Getting INTERNAL_ERROR_RBF_VALIDATION_FAILED error when running workflows or jobs on Databricks Runtime 16.0

Disable Range Bloom Filters (RBF) validation.

Written by potnuru.siva

Last published at: January 28th, 2025

Problem

When you run workflows or jobs with Databricks Runtime 16.0, you encounter an error. 

 

pyspark.errors.exceptions.captured.SparkRuntimeException: [INTERNAL_ERROR_RBF_VALIDATION_FAILED] An internal error occurred. Please contact Databricks support.

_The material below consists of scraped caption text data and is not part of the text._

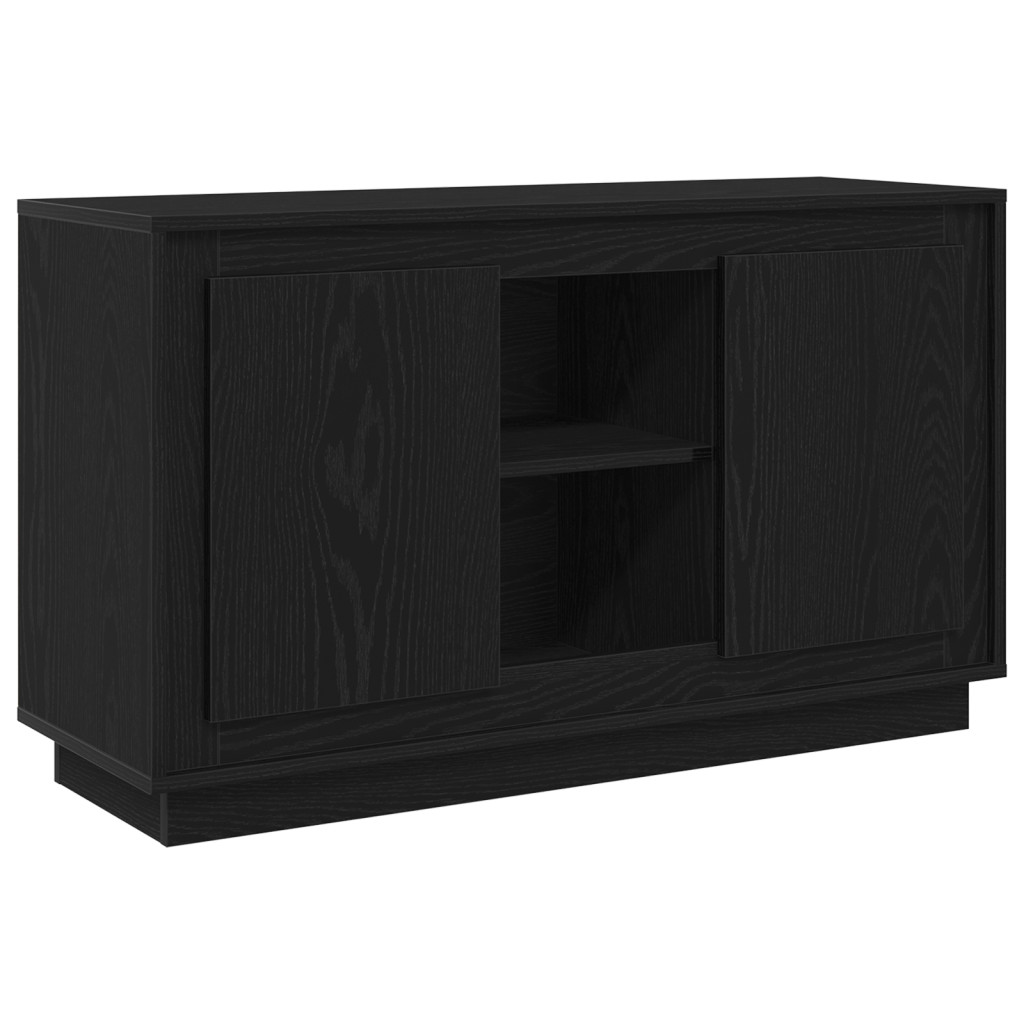 Fekete tölgy oldalszekrény 102x35x60 cm Mérnöki fa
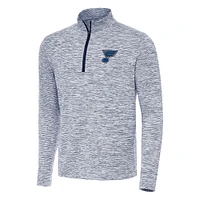 Men's Antigua Navy St. Louis Blues Cause Quarter-Zip Top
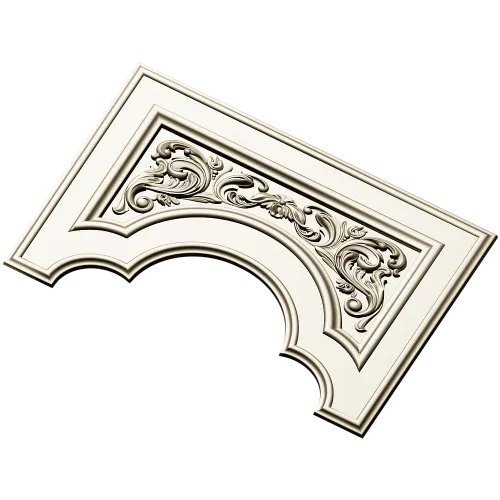Baroque Arched Panel STL for CNC Routing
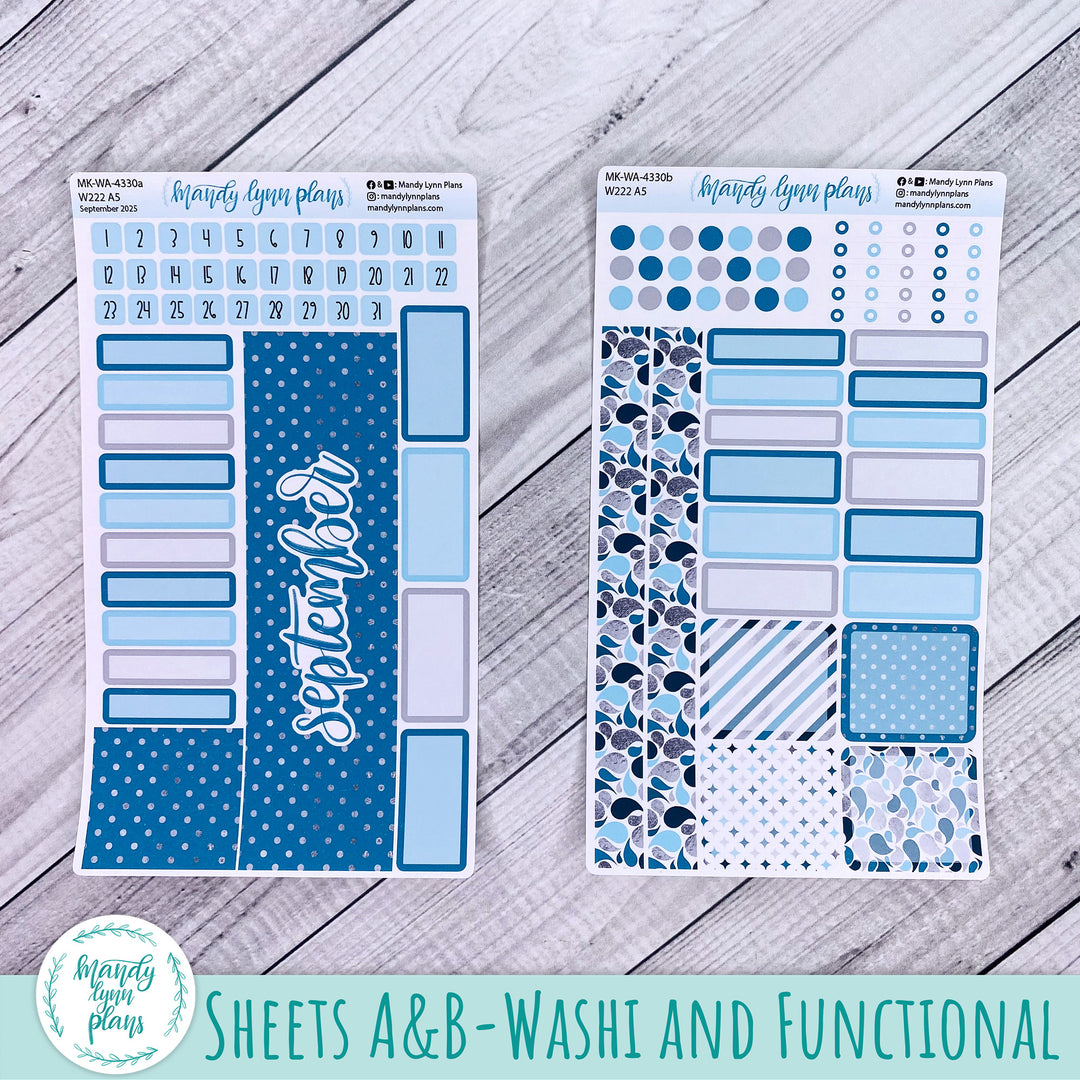 Wonderland 222 September 2025 Monthly Kit || Teal and Silver || 330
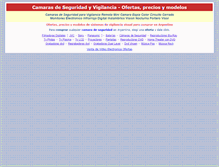 Tablet Screenshot of camaras-seguridad.videoofertas.com.ar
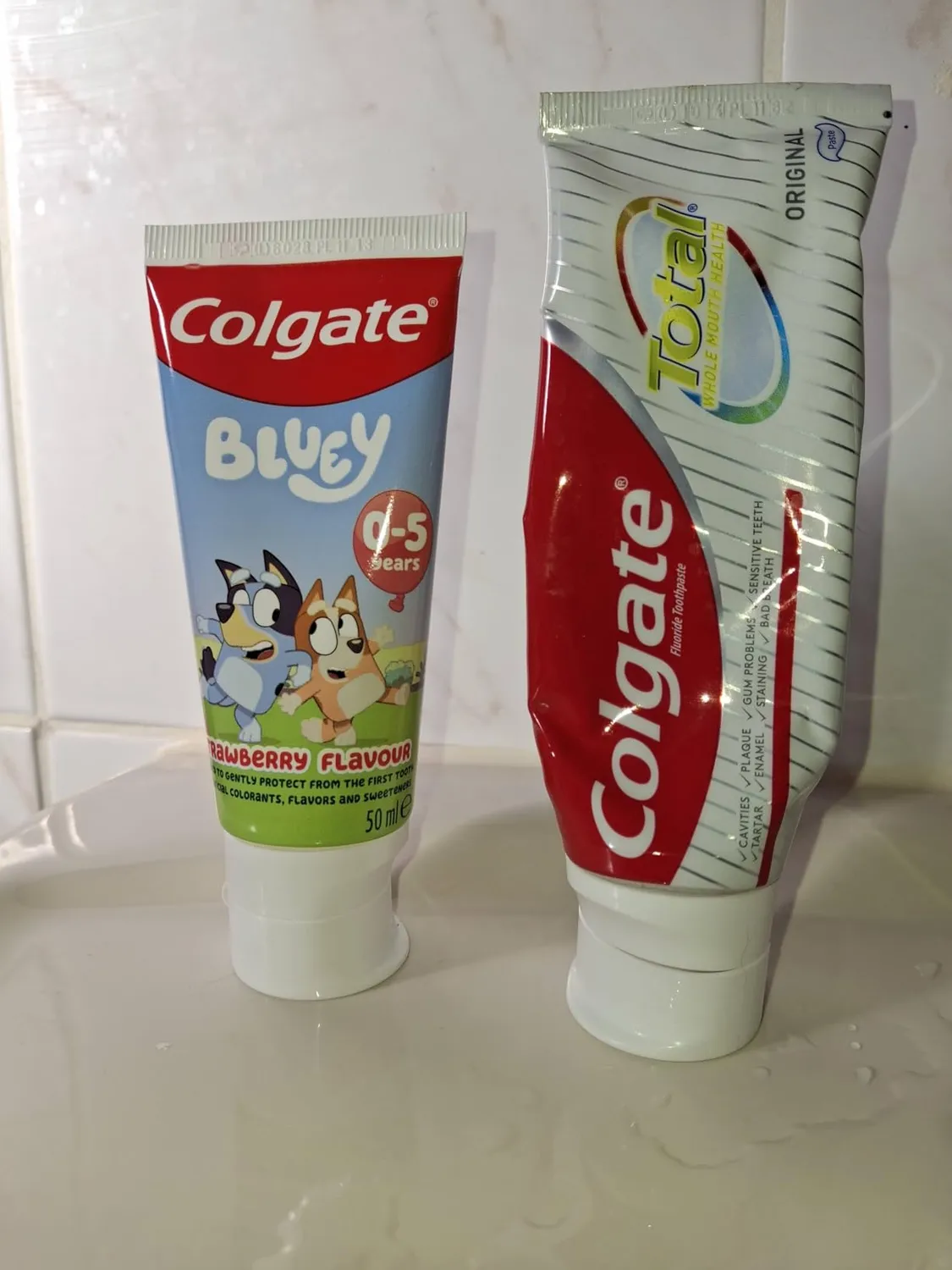 Colgate GABA Bluey dentifrice enfant 50 ml fraise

A runtime filter (ID 0) for a join (ID 1) returned `NULL`. SQLSTATE: XX000

 

 

Cause

Range Bloom Filters (RBF) validation has been introduced in Databricks Runtime 16.0. This feature is enabled by default. 

 

The error occurs when a runtime filter for a join returns a NULL value, which RBF validation doesn’t expect. 

 

Solution

Disable the RBF validation feature. 

  1. Navigate to your cluster. 
  2. Click Advanced Options
  3. Navigate to the Spark tab. 
  4. Add the following Apache Spark configuration in the text box. 

 

spark.databricks.optimizer.rangeBloomFilterValidation.enabled false

 

  1. Re-run the job to confirm that the error no longer occurs.

 

Preventative measures

  • Carefully review the merge conditions and ensure that they are correctly specified. 
  • Test your jobs on newer versions of Databricks Runtime in lower environments before deploying them to production.